Exercise:
In the data below, find the line containing "Shimano Socorro SW" and the line containing "Ernsting's family 5", then reproduce them and every line between, exactly. Omit pictures.

Records for processing START

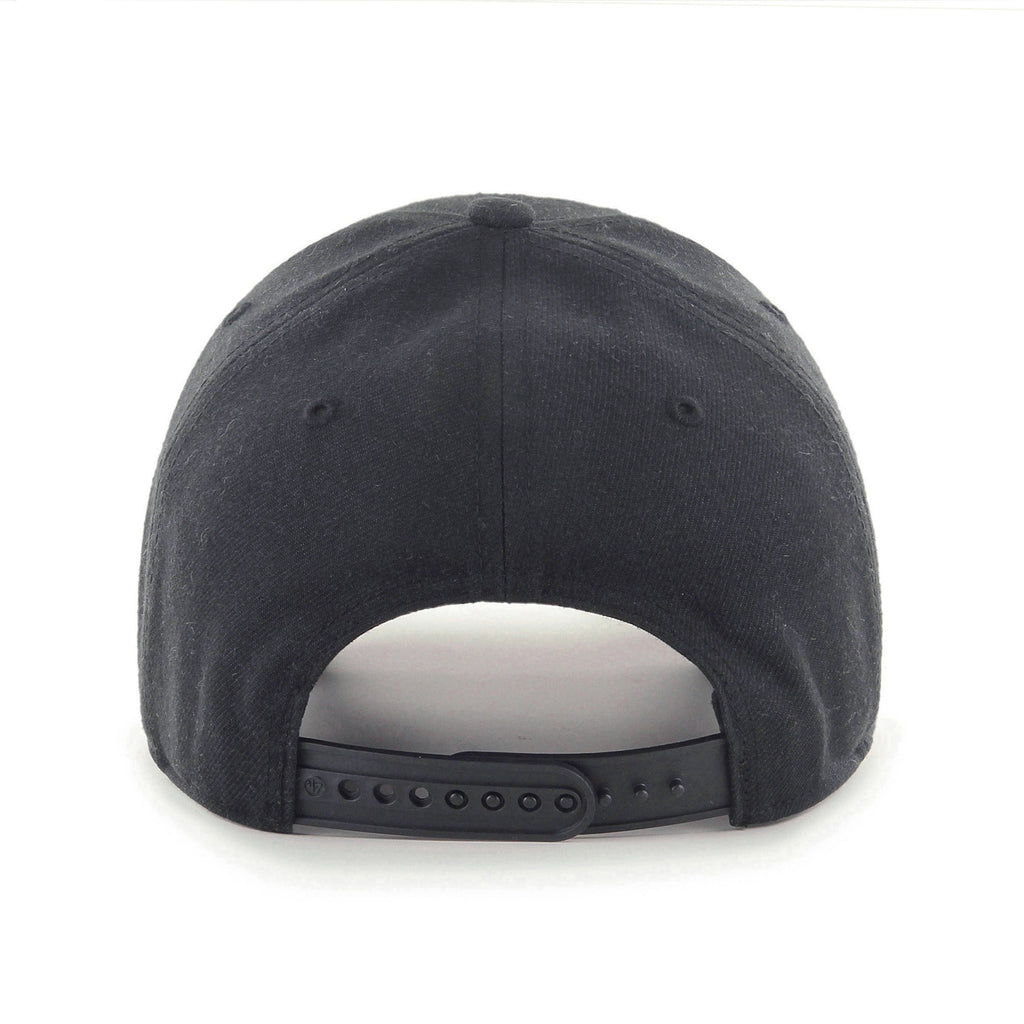 Pittsburgh Penguins NHL 47 Brand Men Black 1992 Stanley Cup Championship MVP Sure Shot Snapback product image 2, provided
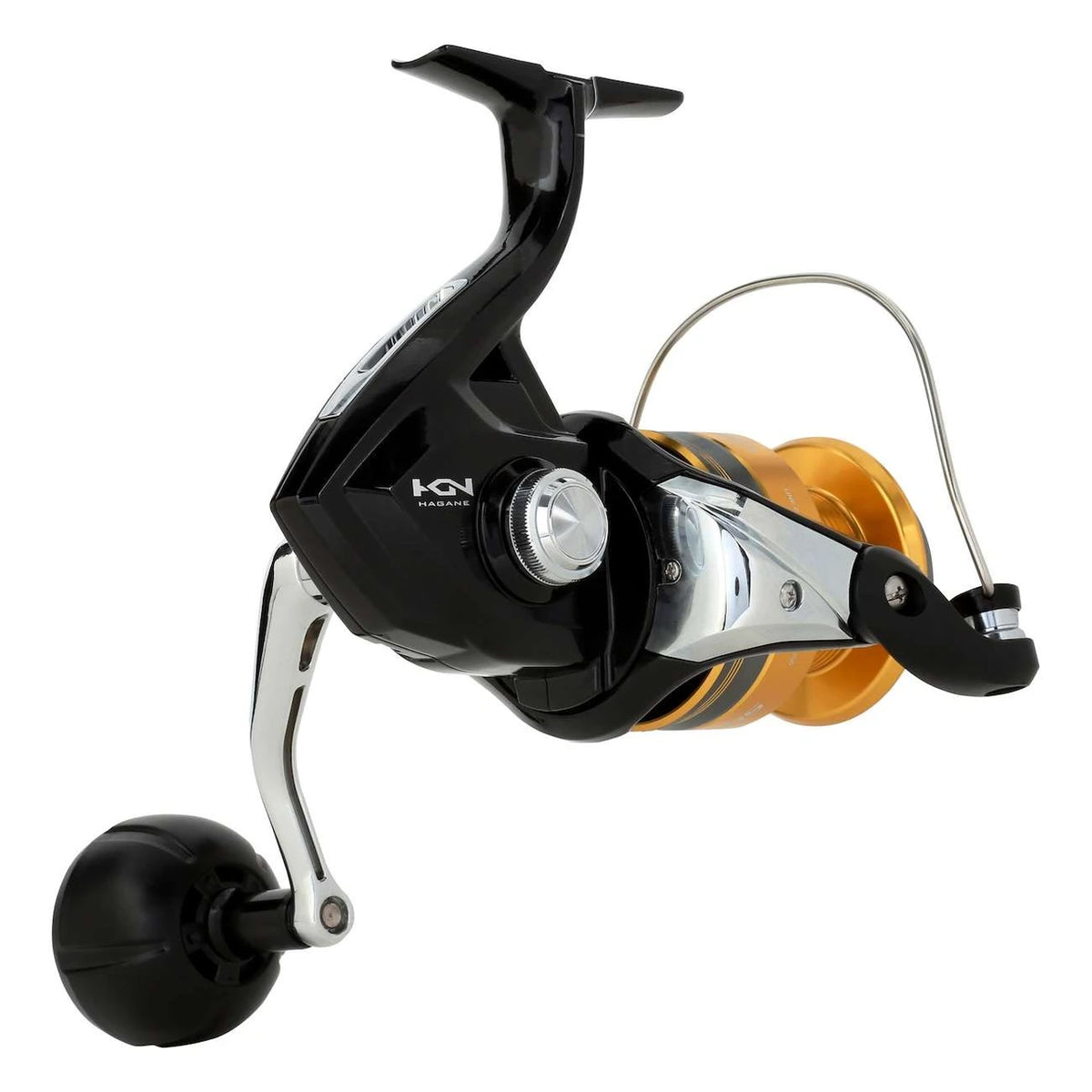 Shimano Socorro SW Saltwater Spinning Tamaño 10000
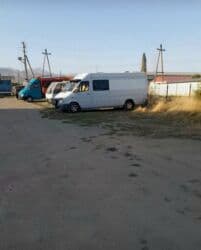 вольво 380: Mercedes-Benz Спринтер: 2003 г., 2.2 л, Механика, Дизель, Van — 4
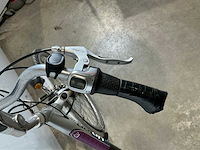 Union switch elektrische damesfiets - afbeelding 2 van  6
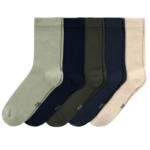 Ernsting's family 5 Paar Jungen Socken im Set - bis 23.09.2024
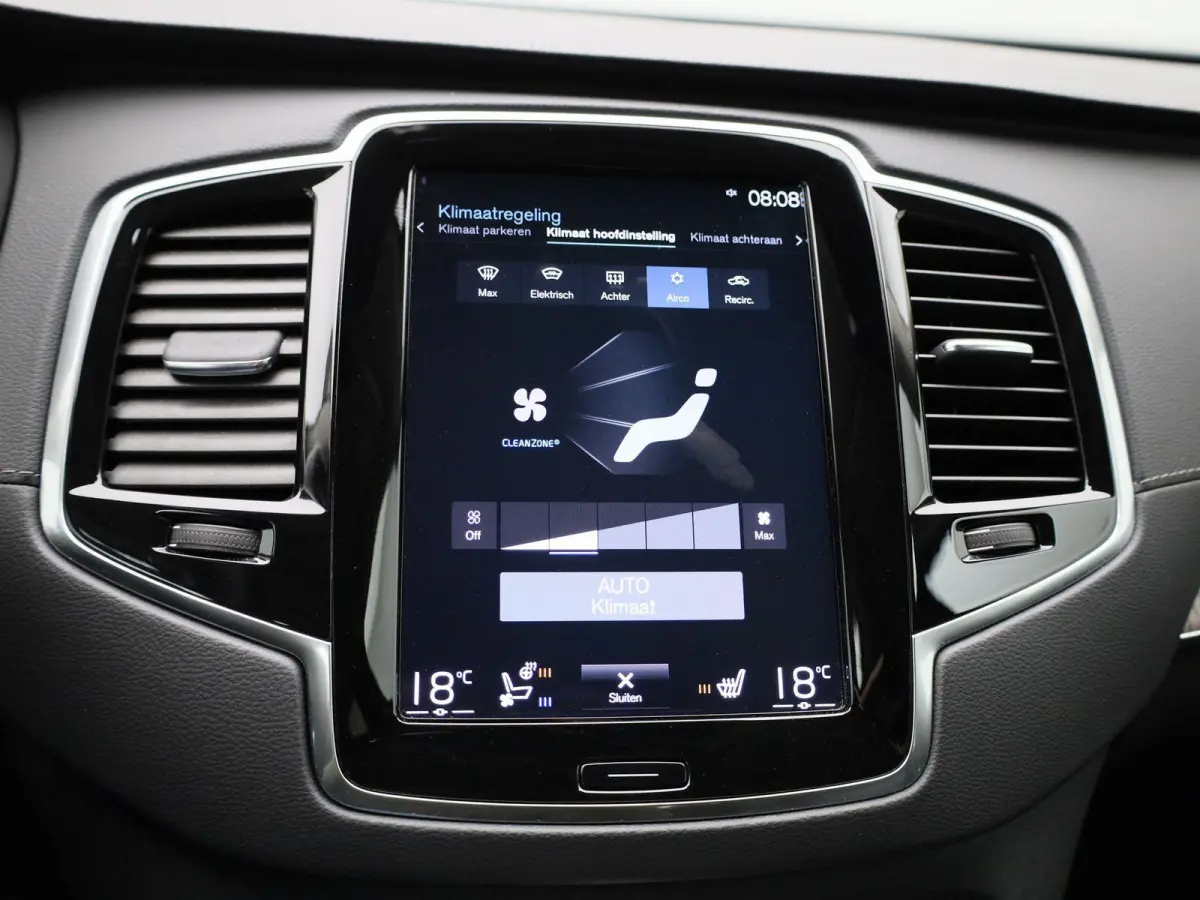 2.0 T8 4WD Geartronic Inscription 7-Persoons | Apple Carplay / Android Auto | Stoelverwarming | Stuurverwarming | Memory Seats | Achteruitrijcamera | Parkeersensoren |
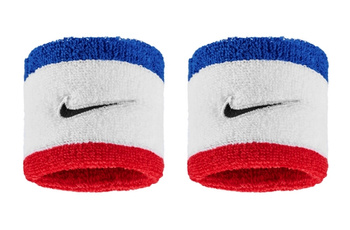 FROTKI OPASKI NA RĘKĘ NADGARSTEK NIKE N.101.2405.467.OS ZESTAW 2 SZTUKI
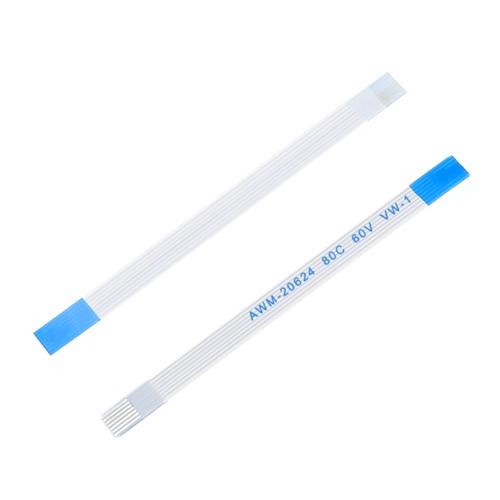 Câble plat flexible ffc - câble, 7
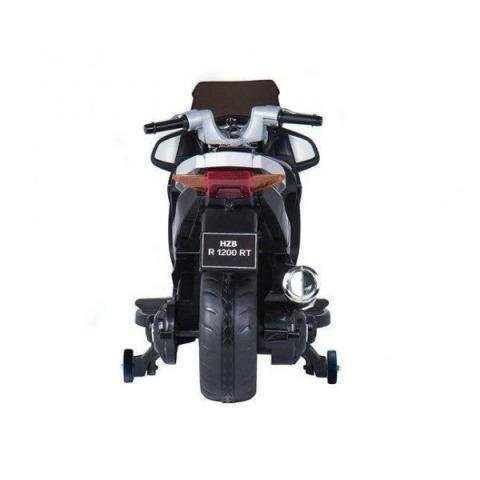 Детский Мотоцикл BMW R1200RT Резиновые Колеса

Records for processing END

Solution to the exercise:
 Shimano Socorro SW Saltwater Spinning Tamaño 10000
 вольво 380: Mercedes-Benz Спринтер: 2003 г., 2.2 л, Механика, Дизель, Van — 4
 Union switch elektrische damesfiets - afbeelding 2 van  6
 Ernsting's family 5 Paar Jungen Socken im Set - bis 23.09.2024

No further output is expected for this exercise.